──────── Input for this task ────────

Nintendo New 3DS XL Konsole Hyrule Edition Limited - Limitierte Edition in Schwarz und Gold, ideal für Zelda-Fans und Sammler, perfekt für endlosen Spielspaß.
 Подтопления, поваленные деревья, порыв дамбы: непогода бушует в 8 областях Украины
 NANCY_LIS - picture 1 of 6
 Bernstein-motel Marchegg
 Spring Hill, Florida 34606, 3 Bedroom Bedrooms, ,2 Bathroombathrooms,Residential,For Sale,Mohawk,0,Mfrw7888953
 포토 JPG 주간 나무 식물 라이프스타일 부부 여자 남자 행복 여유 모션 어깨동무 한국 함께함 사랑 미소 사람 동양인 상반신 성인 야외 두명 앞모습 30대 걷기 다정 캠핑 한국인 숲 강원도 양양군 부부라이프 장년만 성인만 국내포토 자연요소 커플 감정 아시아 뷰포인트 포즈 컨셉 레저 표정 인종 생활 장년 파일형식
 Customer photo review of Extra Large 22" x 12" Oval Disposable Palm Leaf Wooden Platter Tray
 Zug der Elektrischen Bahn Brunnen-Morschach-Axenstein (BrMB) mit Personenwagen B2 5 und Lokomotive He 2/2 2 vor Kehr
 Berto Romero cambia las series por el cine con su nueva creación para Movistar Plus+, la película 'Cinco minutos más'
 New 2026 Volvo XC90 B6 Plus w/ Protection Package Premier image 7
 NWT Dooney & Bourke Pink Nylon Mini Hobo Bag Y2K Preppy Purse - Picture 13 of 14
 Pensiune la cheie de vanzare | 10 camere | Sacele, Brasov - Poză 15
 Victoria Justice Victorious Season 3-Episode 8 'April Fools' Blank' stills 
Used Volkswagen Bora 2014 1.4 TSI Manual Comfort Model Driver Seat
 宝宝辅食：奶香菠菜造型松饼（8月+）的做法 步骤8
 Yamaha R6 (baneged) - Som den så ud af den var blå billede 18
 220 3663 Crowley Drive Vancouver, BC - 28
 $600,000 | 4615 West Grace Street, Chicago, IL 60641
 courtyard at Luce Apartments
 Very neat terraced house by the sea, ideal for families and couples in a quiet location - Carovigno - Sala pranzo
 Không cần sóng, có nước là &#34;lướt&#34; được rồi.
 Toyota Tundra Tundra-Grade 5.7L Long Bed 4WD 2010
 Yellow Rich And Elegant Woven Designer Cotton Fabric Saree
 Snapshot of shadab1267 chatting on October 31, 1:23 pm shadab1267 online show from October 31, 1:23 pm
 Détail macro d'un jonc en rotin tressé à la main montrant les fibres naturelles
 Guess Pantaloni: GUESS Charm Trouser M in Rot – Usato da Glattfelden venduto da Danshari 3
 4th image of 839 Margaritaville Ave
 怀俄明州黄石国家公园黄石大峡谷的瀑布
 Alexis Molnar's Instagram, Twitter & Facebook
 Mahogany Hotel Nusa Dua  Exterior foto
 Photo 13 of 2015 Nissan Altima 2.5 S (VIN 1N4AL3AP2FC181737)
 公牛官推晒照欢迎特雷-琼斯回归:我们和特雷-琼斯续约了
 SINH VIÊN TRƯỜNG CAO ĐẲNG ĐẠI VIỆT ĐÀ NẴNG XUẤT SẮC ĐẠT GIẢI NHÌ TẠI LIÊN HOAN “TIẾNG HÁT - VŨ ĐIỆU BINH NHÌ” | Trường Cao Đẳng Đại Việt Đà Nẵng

────────

*Problem details*: Exactly the lines from the one containing "怀俄明州黄石国家公园黄石大峡谷的瀑布" through the end of the listing should be reproduced, both ends included and nothing more.

*Exercise result*:
 怀俄明州黄石国家公园黄石大峡谷的瀑布
 Alexis Molnar's Instagram, Twitter & Facebook
 Mahogany Hotel Nusa Dua  Exterior foto
 Photo 13 of 2015 Nissan Altima 2.5 S (VIN 1N4AL3AP2FC181737)
 公牛官推晒照欢迎特雷-琼斯回归:我们和特雷-琼斯续约了
 SINH VIÊN TRƯỜNG CAO ĐẲNG ĐẠI VIỆT ĐÀ NẴNG XUẤT SẮC ĐẠT GIẢI NHÌ TẠI LIÊN HOAN “TIẾNG HÁT - VŨ ĐIỆU BINH NHÌ” | Trường Cao Đẳng Đại Việt Đà Nẵng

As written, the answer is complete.